Burlington Jefferson salamander King crossing
A portion of King Road in Burlington has reopened after endangered Jefferson salamander have crossed safely.

It’s all systems go for the salamander today.

March 5 begins the month-long closure of King Road in Burlington to allow the endangered critter safe passage to its breeding ground.

King Road from North Service Rad to Mountain Brow Road will be closed to all traffic during this time.

The closure helps the Jefferson salamander get to nearby run off ponds where the breeding takes place.

Since 2012, Burlington has closed the same section of road for the salamanders to cross which has proven to be a lifesaver for the salamander. They are a nationally and provincially protected endangered species because of habitat loss.

Jefferson salamanders spend most of their lives underground. As the weather warms up and the spring rains begin, the salamanders emerge and migrate to breed in temporary ponds formed by run-off, laying their eggs in clumps attached to underwater vegetation. Adults leave the ponds after breeding.
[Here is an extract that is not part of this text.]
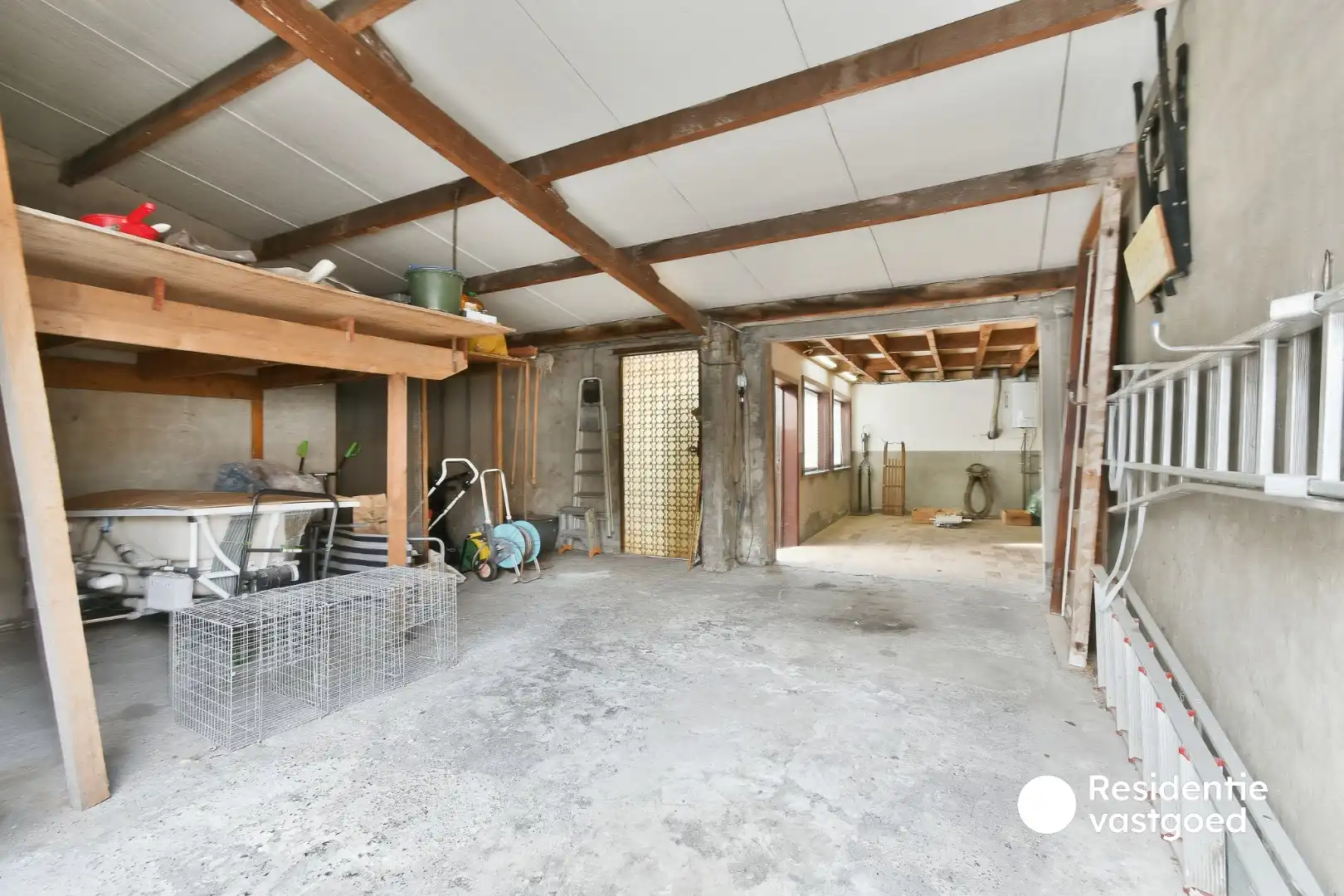 Ruime rijwoning met 6 slaapkamers in Gistel foto 19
By late summer, the larvae lose their gills, become air-breathing juveniles and leave the pond to head into the surrounding forests.

Adult salamanders migrate to their breeding ponds during wet rainy nights. They show a strong affinity for the pond in which they hatched and can be very determined to reach it, sometimes causing them to cross busy roads.

The Jefferson salamander is grey or brown-coloured back, with lighter underparts. Blue flecks may be present on the sides and limbs. They can grow up to 20 cm long and the tail makes up half their length. The salamander can live as long as 30 years.